Work to be completed: What you return should be the complete data below, word for word, with no pictures in it.

Stored data:
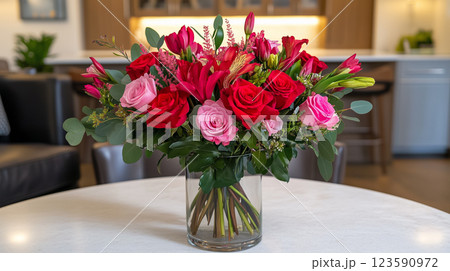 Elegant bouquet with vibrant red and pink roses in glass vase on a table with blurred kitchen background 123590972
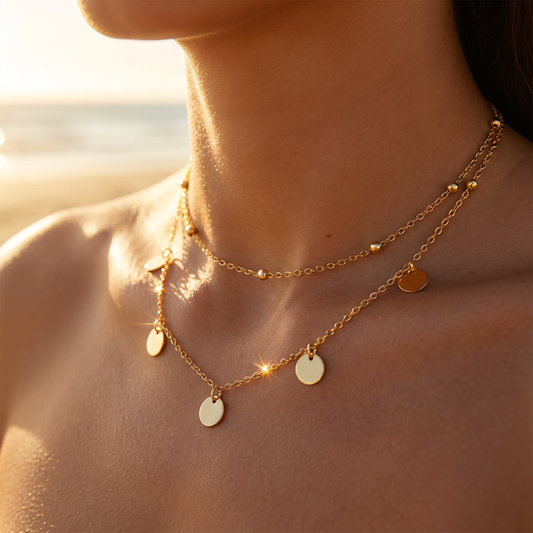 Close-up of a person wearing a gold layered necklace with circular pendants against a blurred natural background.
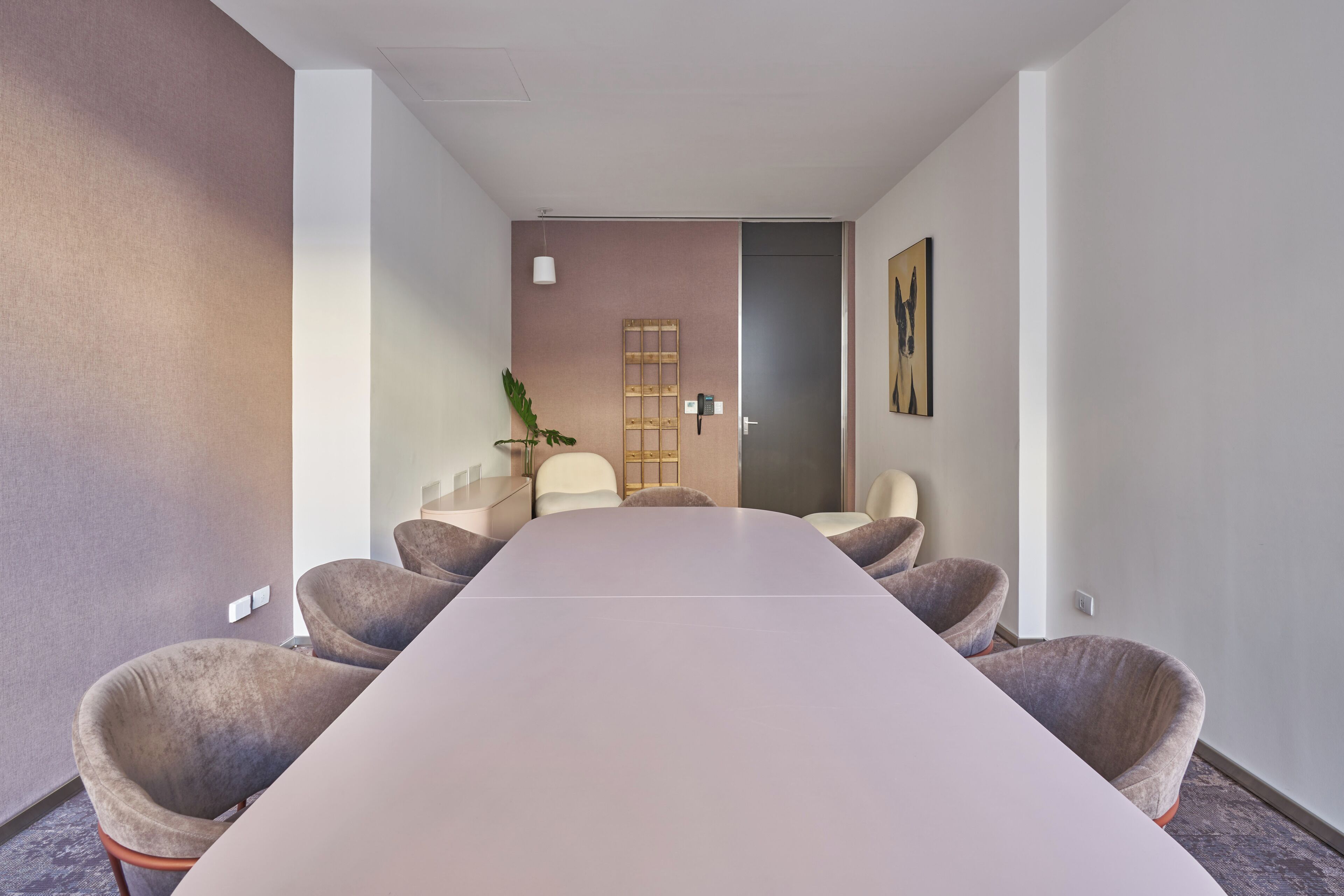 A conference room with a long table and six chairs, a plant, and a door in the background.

Solution:
 Elegant bouquet with vibrant red and pink roses in glass vase on a table with blurred kitchen background 123590972
 Close-up of a person wearing a gold layered necklace with circular pendants against a blurred natural background.
 A conference room with a long table and six chairs, a plant, and a door in the background.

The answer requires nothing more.